### TASK DIRECTIONS
Transcribe each record exactly. Omit the pictures.

### SUPPLIED RECORDS

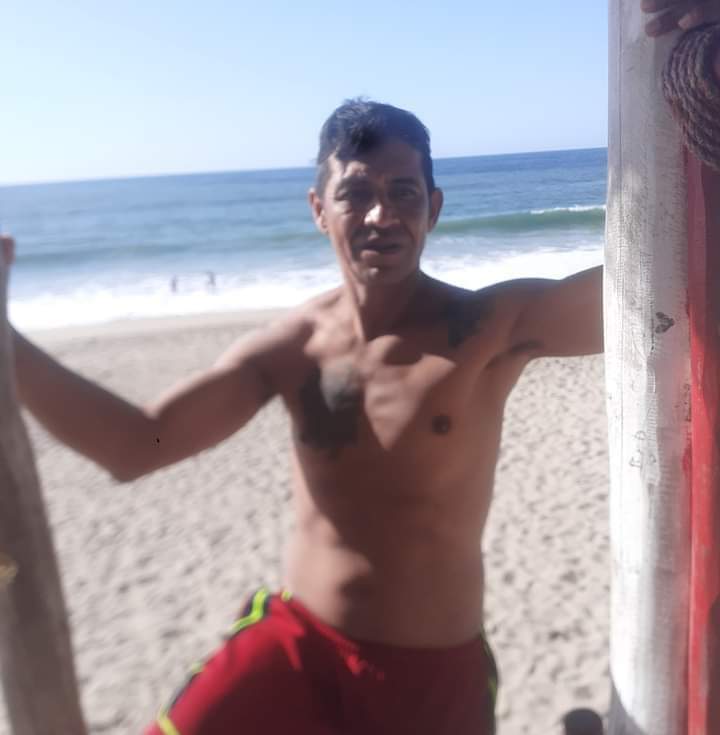 MonnValencia's tweet photo. SE BUSCA. 
SE LLAMA Gerardo Alejo  Y NO SABEN NADA DE Él, MANEJA UN TAXI Aveo BLANCO CON ROSA SI LO LLEGAS A VER FAVOR DE LLAMAR  AL TEL. 5557898061, LA ÚLTIMA VEZ QUE LO VIERON FUE EN LA COLONIA Morelos.
RT Por favor.
#SeBusca https://t.co/hU6VdMCA6d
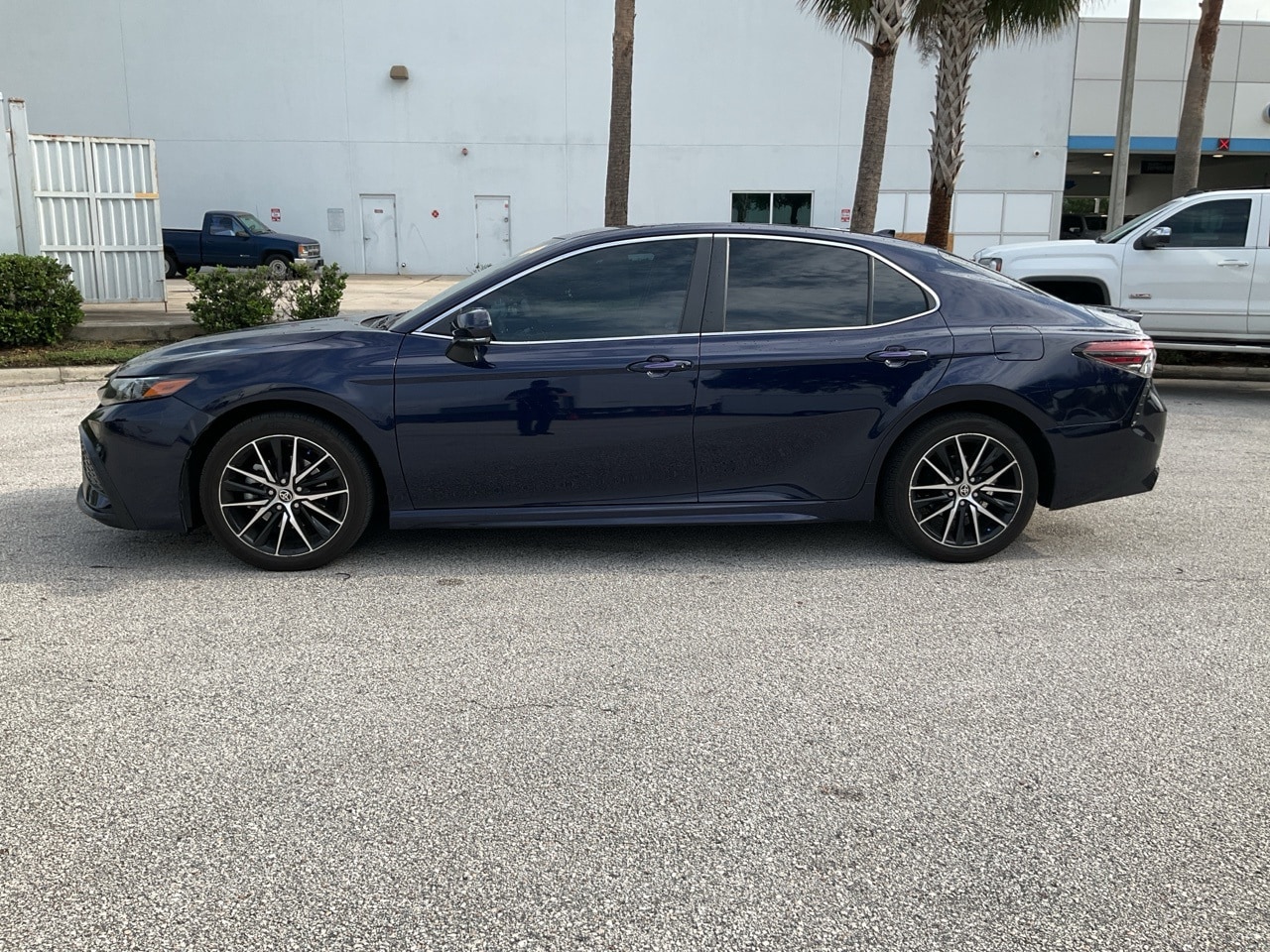 Used 2022 Toyota Camry SE with VIN 4T1T11AK5NU700754 for sale in Sanford, FL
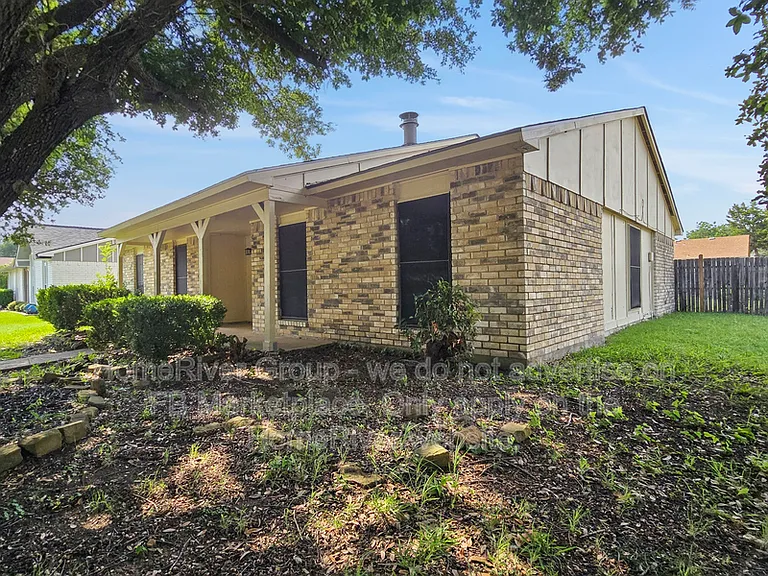 7009 Emory Oak Ln — Photo 16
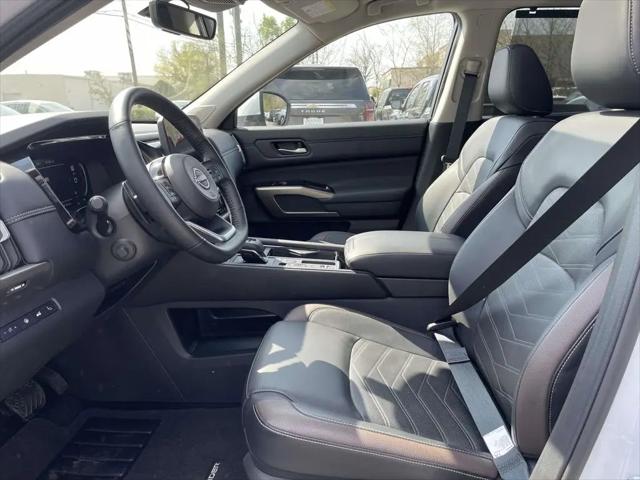 2025 Nissan Pathfinder Platinum FWD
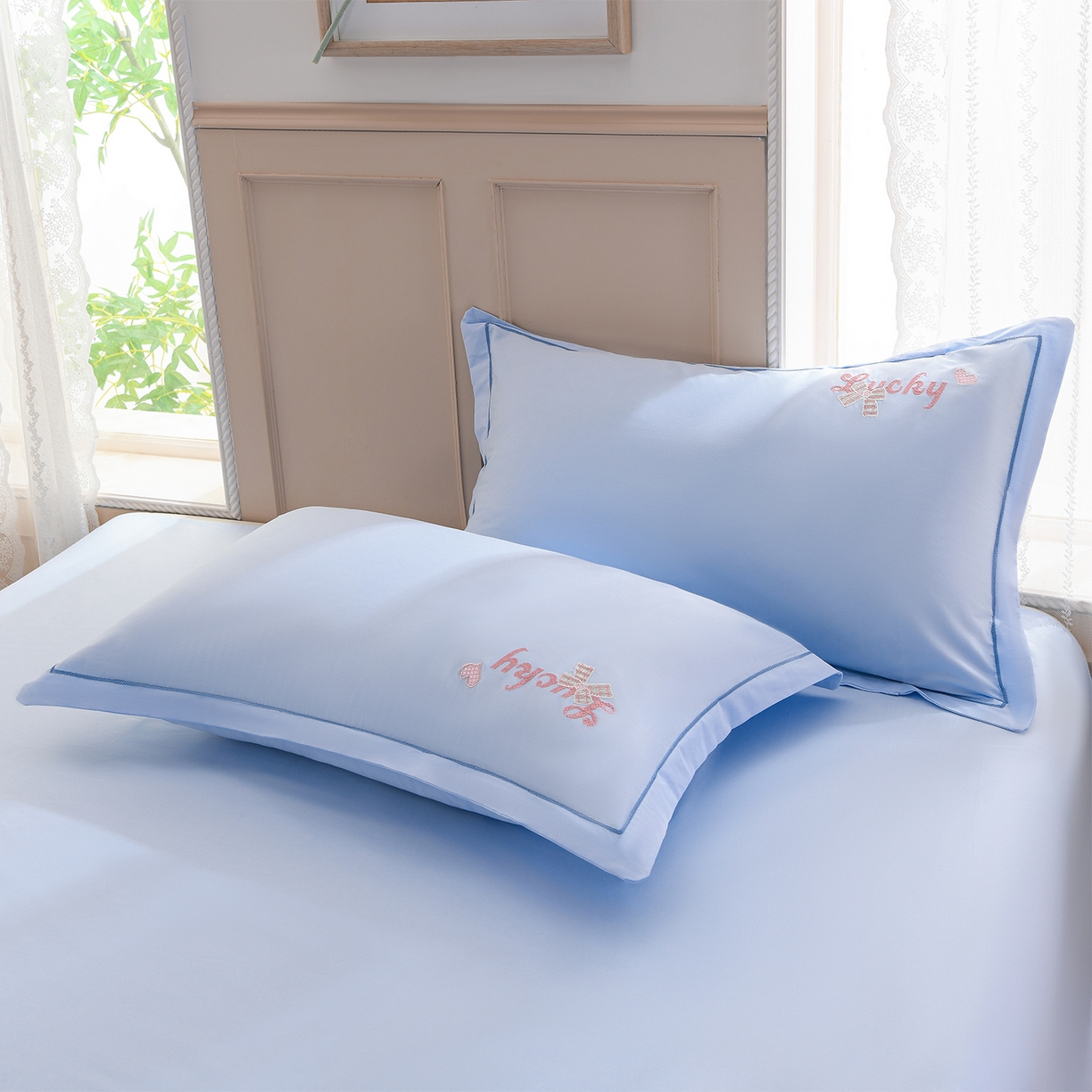 91家纺网 家纺一手货源 找家纺 绒小宣 2025新款13372全棉绣花四件套-梦幻兔 兔熊-蓝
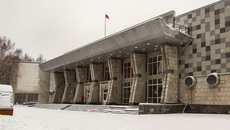 ДК «Юность» в Академгородке действует с 1962 года и создавался как классический Дом культуры. Позже он стал Дворцом молодежи, но внутри оставались традиционные кружки. В 2016 году «Юность» передали управлению молодежной политики министерства образования Новосибирской области. Фото: Алексей Танюшин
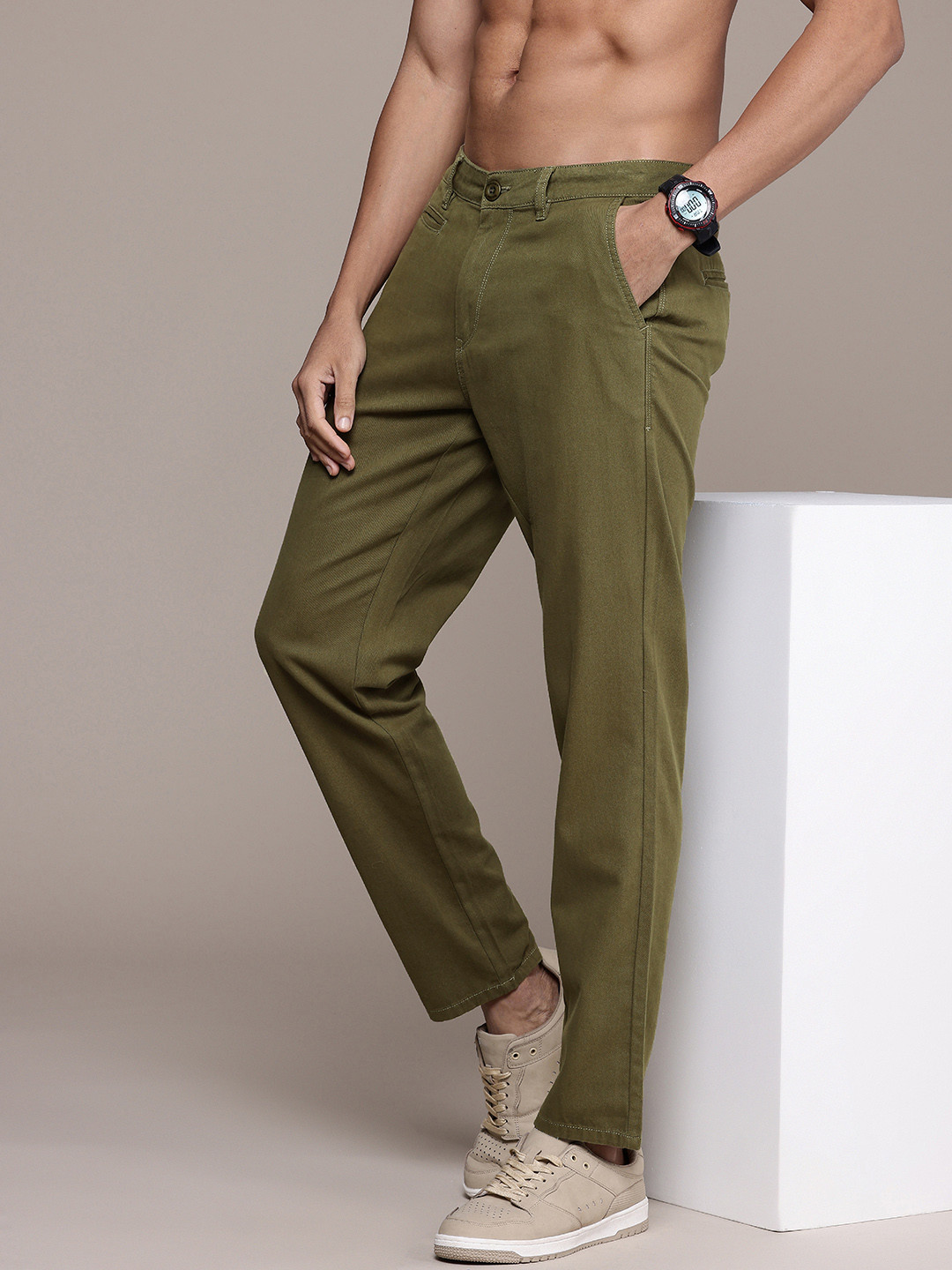 

The Roadster Life Co. Men Pure Cotton Chinos Trousers, Olive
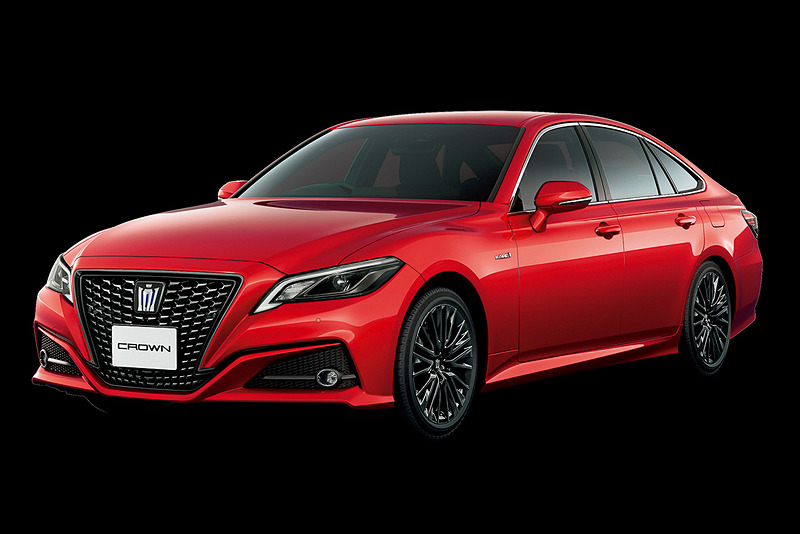 ボディカラーは通常ラインアップの「ホワイトパールクリスタルシャイン」（左上）や「プレシャスガレナ」（右上）などのほか、クラウンの特徴的なオプション「ジャパンカラーセレクションパッケージ」の「紅（クレナイ）」（左下）や「天空（ソラ）」（右下）など全色から選択できる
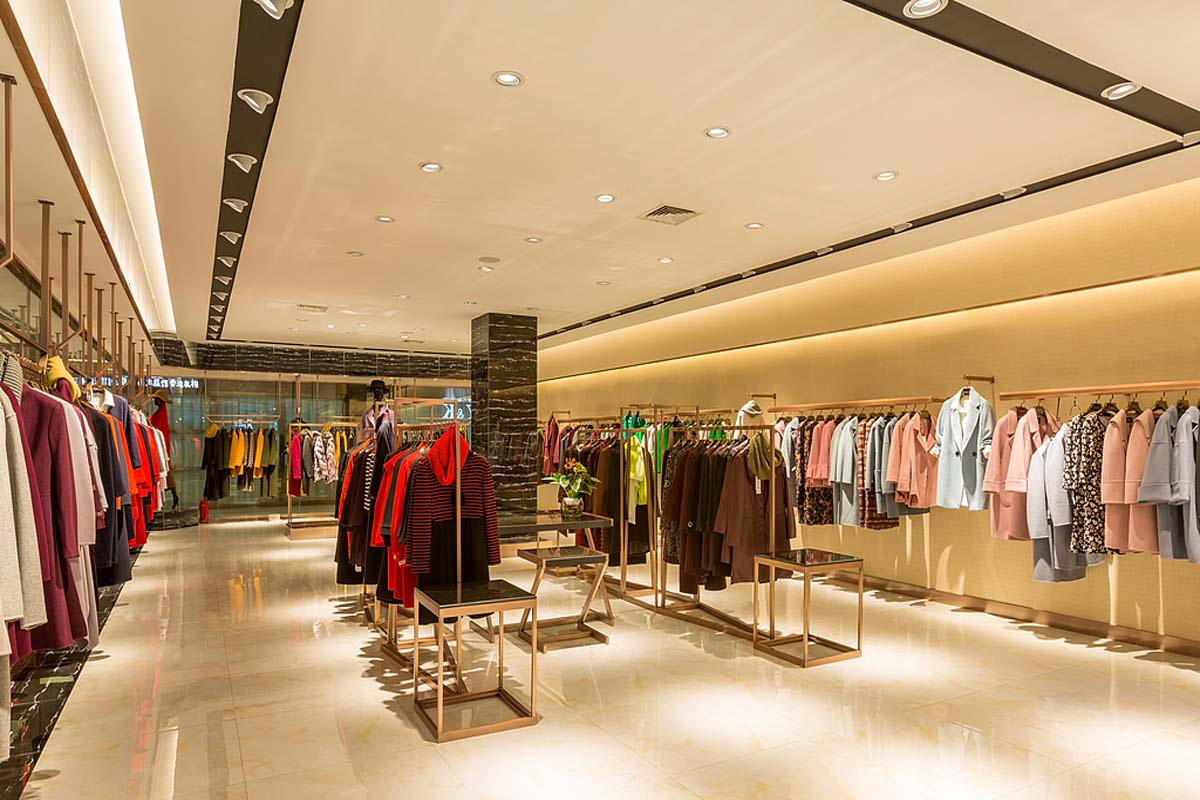 深圳某服装专卖店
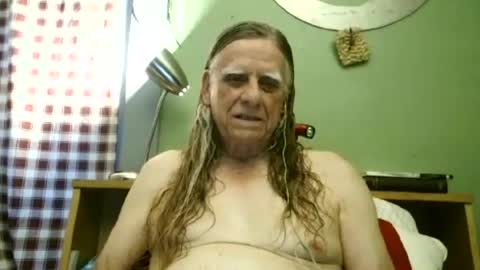 Snapshot of johnnieq1971 chatting on June 2026 12:50:01 AM johnnieq1971 online show from June 2026 12:50:01 AM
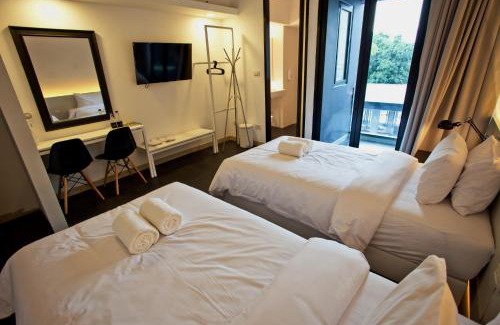 Old City Hotel | BED Phrasingh-Adults Only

### RESPONSE AREA
 MonnValencia's tweet photo. SE BUSCA. 
SE LLAMA Gerardo Alejo  Y NO SABEN NADA DE Él, MANEJA UN TAXI Aveo BLANCO CON ROSA SI LO LLEGAS A VER FAVOR DE LLAMAR  AL TEL. 5557898061, LA ÚLTIMA VEZ QUE LO VIERON FUE EN LA COLONIA Morelos.
RT Por favor.
#SeBusca https://t.co/hU6VdMCA6d
 Used 2022 Toyota Camry SE with VIN 4T1T11AK5NU700754 for sale in Sanford, FL
 7009 Emory Oak Ln — Photo 16
 2025 Nissan Pathfinder Platinum FWD
 91家纺网 家纺一手货源 找家纺 绒小宣 2025新款13372全棉绣花四件套-梦幻兔 兔熊-蓝
 ДК «Юность» в Академгородке действует с 1962 года и создавался как классический Дом культуры. Позже он стал Дворцом молодежи, но внутри оставались традиционные кружки. В 2016 году «Юность» передали управлению молодежной политики министерства образования Новосибирской области. Фото: Алексей Танюшин

The Roadster Life Co. Men Pure Cotton Chinos Trousers, Olive
 ボディカラーは通常ラインアップの「ホワイトパールクリスタルシャイン」（左上）や「プレシャスガレナ」（右上）などのほか、クラウンの特徴的なオプション「ジャパンカラーセレクションパッケージ」の「紅（クレナイ）」（左下）や「天空（ソラ）」（右下）など全色から選択できる
 深圳某服装专卖店
 Snapshot of johnnieq1971 chatting on June 2026 12:50:01 AM johnnieq1971 online show from June 2026 12:50:01 AM
 Old City Hotel | BED Phrasingh-Adults Only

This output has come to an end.